Officials from MU’s graduate school will determine best methods to enhance success of minority graduate students in science, technology, engineering and math fields.

April 03, 2012

Story Contact(s):
Christian Basi,, 573-882-4430

COLUMBIA, Mo. ­— Dropout rates in doctoral programs average between 40 and 50 percent, with minority students finishing at lower rates, according to the Council of Graduate Schools. Now, a national, multi-university study of minority graduate students who major in science, technology, engineering and math (STEM) fields will be conducted to identify specific challenges minority students face and potential solutions. The University of Missouri recently received a $30,000 grant to take part in the study.
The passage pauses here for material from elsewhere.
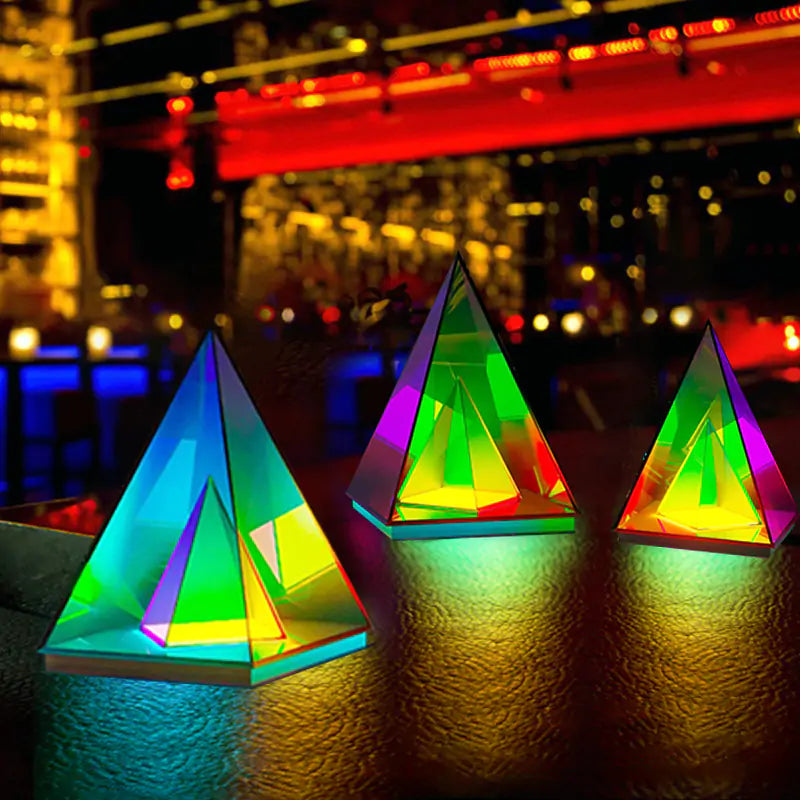 Pyramid Desk Lamp dsgndrop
“The transition to graduate school can be difficult for many students,” said Mannie Liscum, associate dean for the MU Graduate School. “Many leave after a few months because it may not be the right fit for them, but it is the students who leave after being in the programs for three and five years that concern us most. While the reasons for leaving vary widely, minority students often leave for personal and cultural reasons that non-minority students might never face. Financial stresses and social stigmas in their own families and communities are some of the most frequent challenges facing our minority students.”
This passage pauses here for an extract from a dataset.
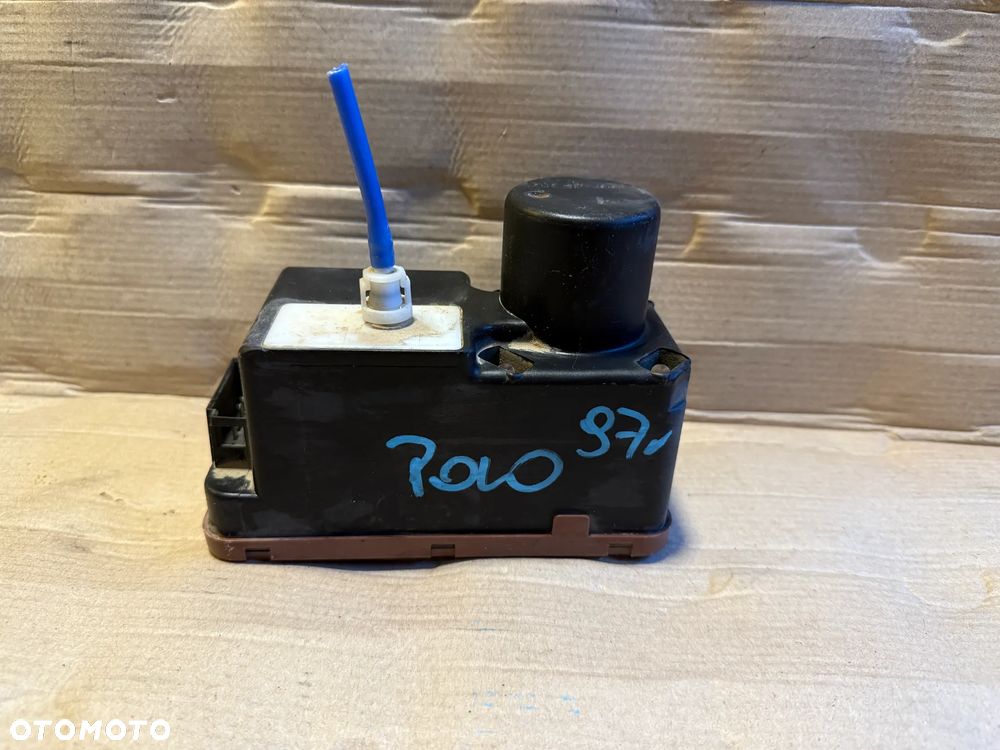 Pompka centralnego zamka Volkswagen Polo III 6N 1H0962257F OE - 1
MU was one of 21 universities chosen to participate in the study, which is funded by a grant from the National Science Foundation and managed by the Council of Graduate Schools. MU officials will collect and report data on the retention and graduation rates for underrepresented minority students who enrolled in STEM doctoral programs from Fall Semester 1992 through Spring Semester 2012. Researchers also will interview select groups of students in focus groups. The data will be sent to the Council of Graduate Schools to be analyzed. Results are expected by June 2014.

“After the first couple of years, the reason to leave typically has little or nothing to do with a student’s ability,” Liscum said. “We don’t believe for a second that there is a single, silver-bullet fix. We’re anticipating that this study will allow us to reflect on our own strengths and weaknesses to determine how we can best help our students. Retention is only part of the story; we also need to address how we ultimately facilitate students’ successes while in their programs and how to best prepare them to enter the work environment.”

At MU, Liscum and his colleagues will survey graduate students in 33 programs identified as STEM fields. The survey will be provided by the Council of Graduate Schools. MU is the only Missouri school participating in the study.

“This is about more than recruiting students and keeping them here,” Liscum said. “It’s about giving our students the opportunities they need to be as successful as possible in their graduate programs.”